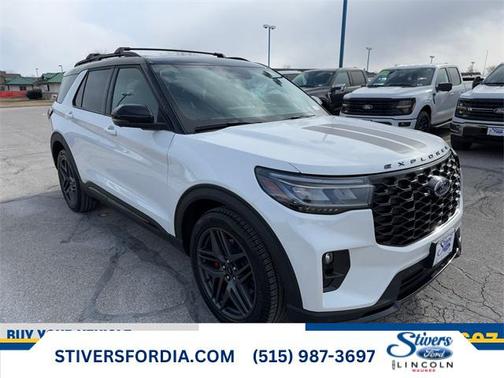 2025 Ford Explorer ST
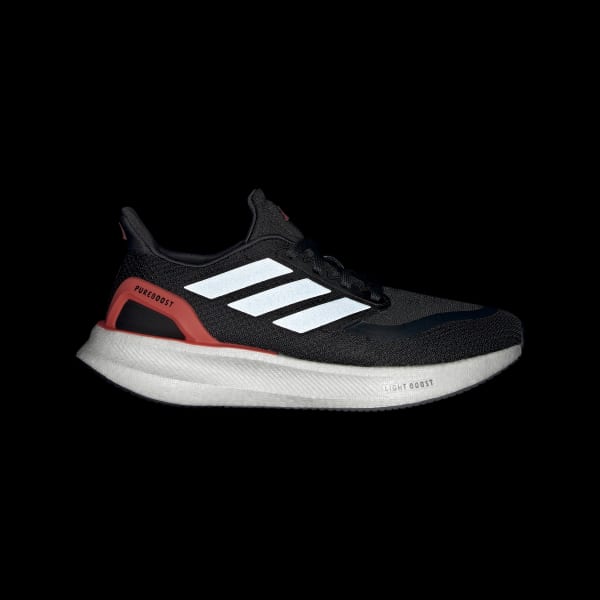Black Pureboost 5 Running Shoes
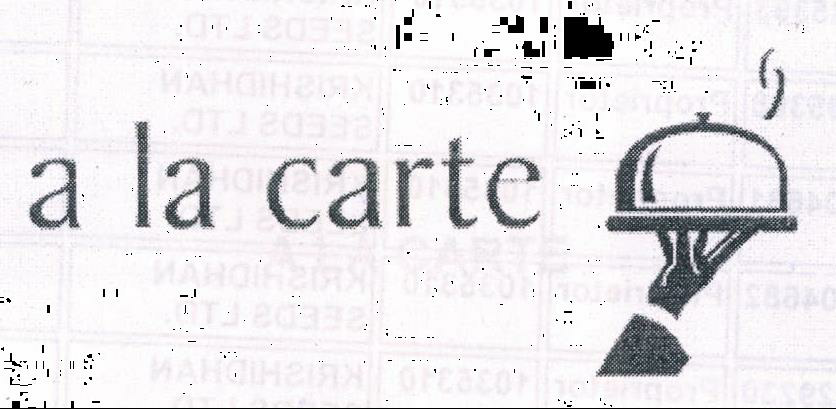 A La Carte Device mark 2176650 Trademark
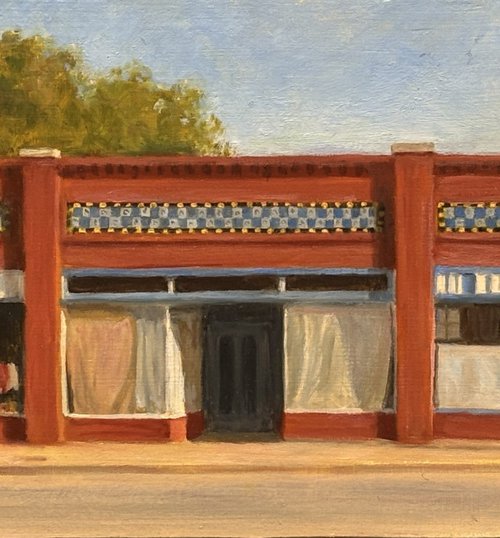 Storefronts by Michael Gillespie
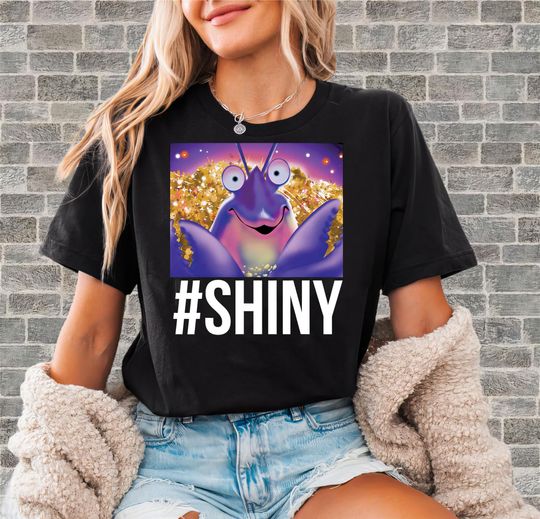 Discover Moana Shiny Tamatoa Funny Disney T-Shirt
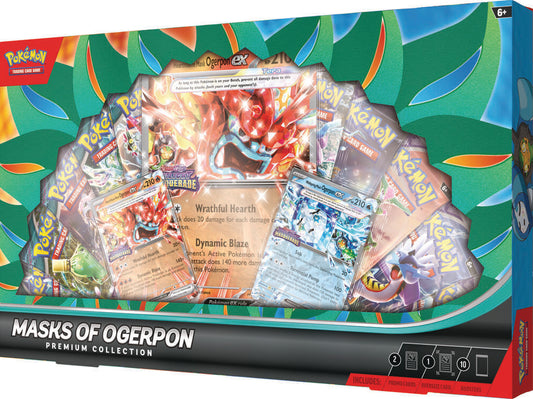 Mask of Ogerpon Collection Box
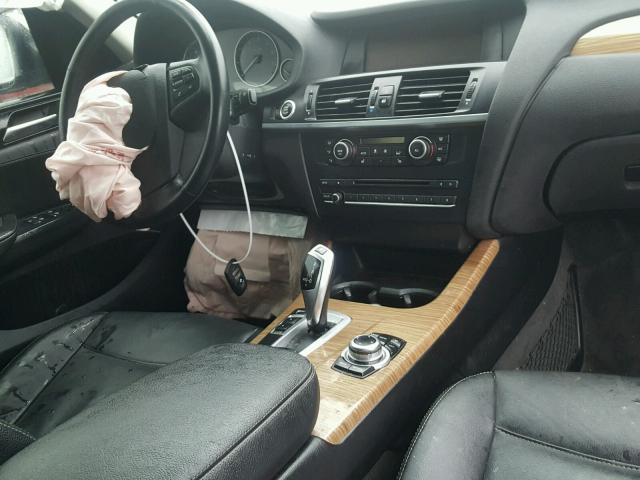 5UXWX9C58D0A20313 - 2013 BMW X3 XDRIVE2 Srebrny zdjęcie 9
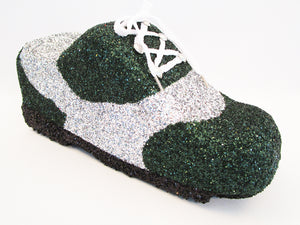 Styrofoam golf shoe - Designs by Ginny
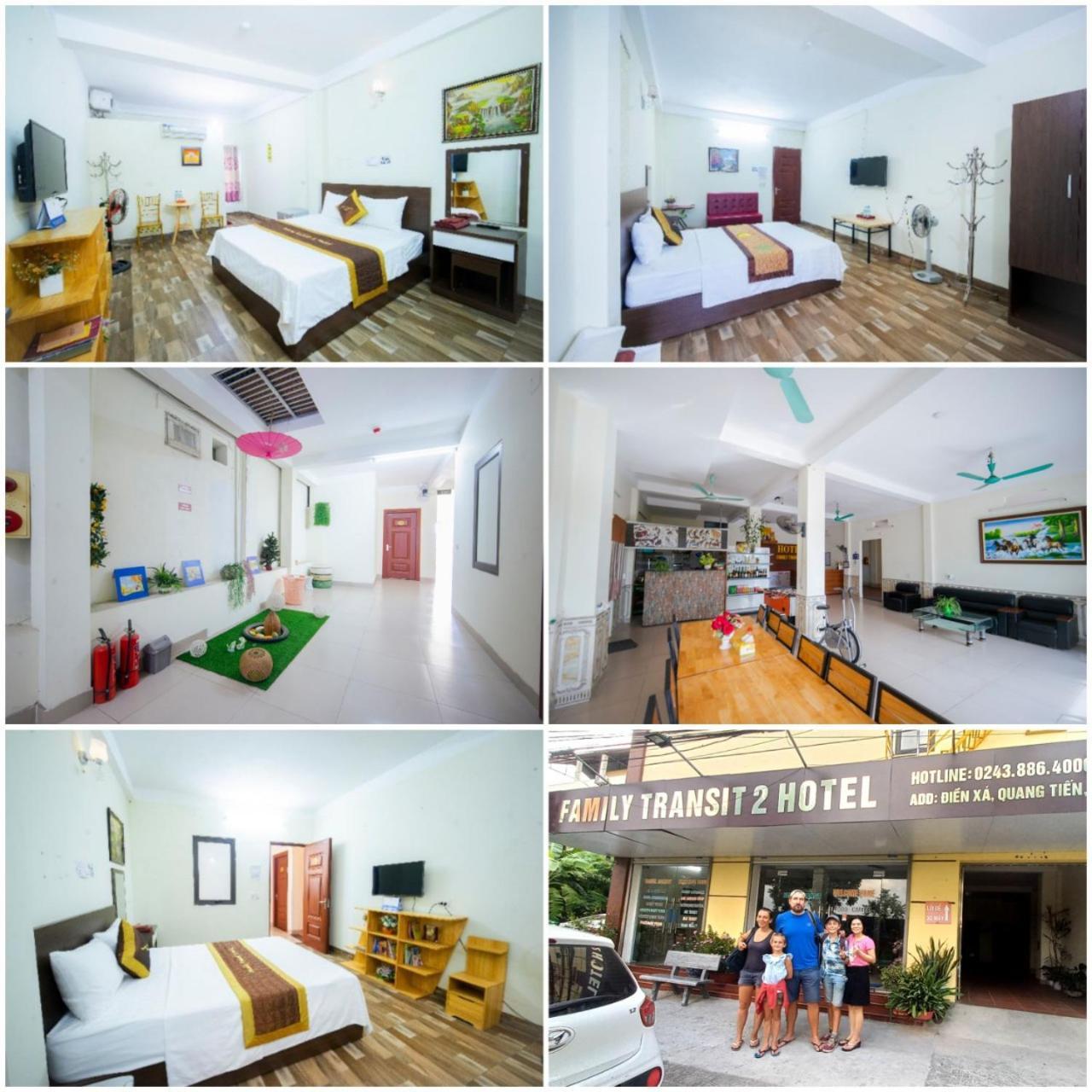 Family Transit 2 Hotel Hanoi Zewnętrze zdjęcie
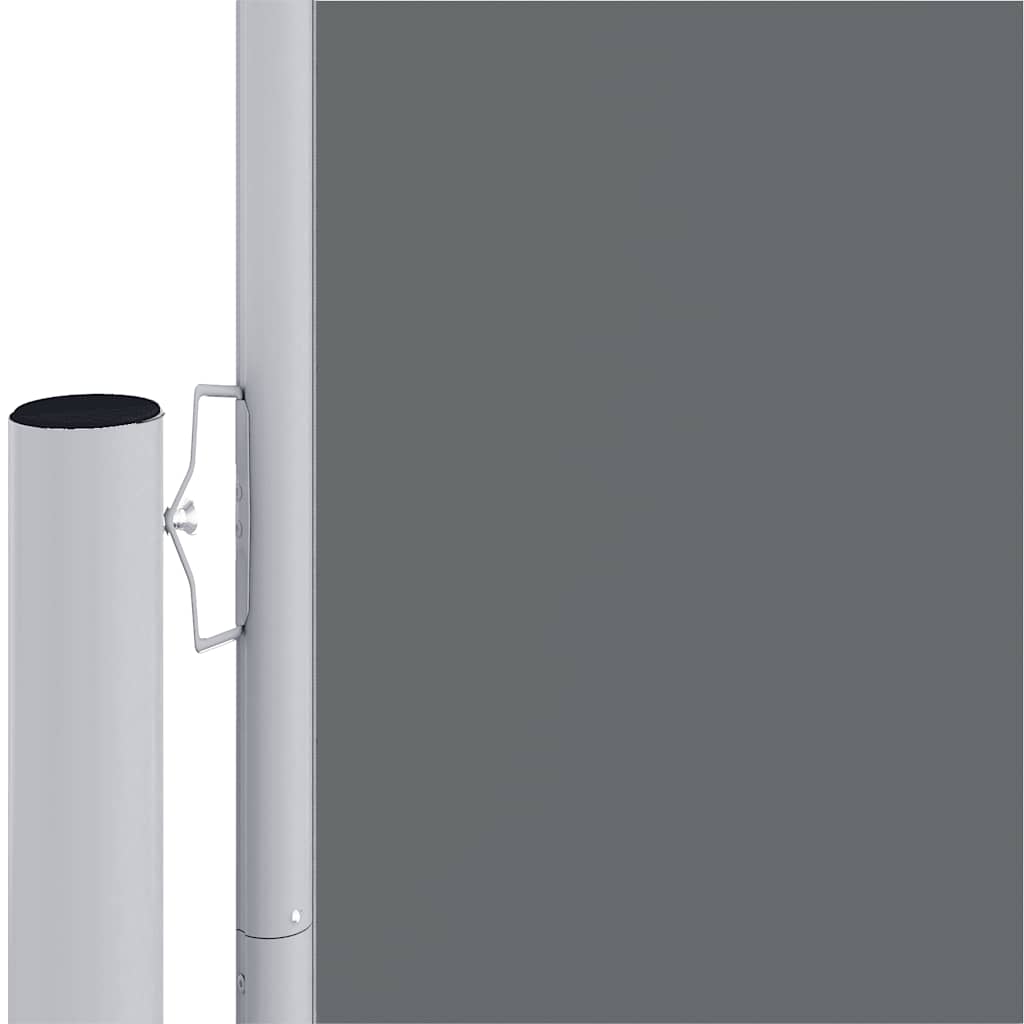 Σκίαστρο Πλαϊνό Συρόμενο Βεράντας Ανθρακί 220 x 1200 εκ.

════════

**ASSIGNED TASK**
Omit all pictures and write out, exactly, only the lines from the line containing "Storefronts by Michael Gillespie" through the last line of the entries above.

**RESPONSE TO THIS TASK**
 Storefronts by Michael Gillespie
 Discover Moana Shiny Tamatoa Funny Disney T-Shirt
 Mask of Ogerpon Collection Box
 5UXWX9C58D0A20313 - 2013 BMW X3 XDRIVE2 Srebrny zdjęcie 9
 Styrofoam golf shoe - Designs by Ginny
 Family Transit 2 Hotel Hanoi Zewnętrze zdjęcie
 Σκίαστρο Πλαϊνό Συρόμενο Βεράντας Ανθρακί 220 x 1200 εκ.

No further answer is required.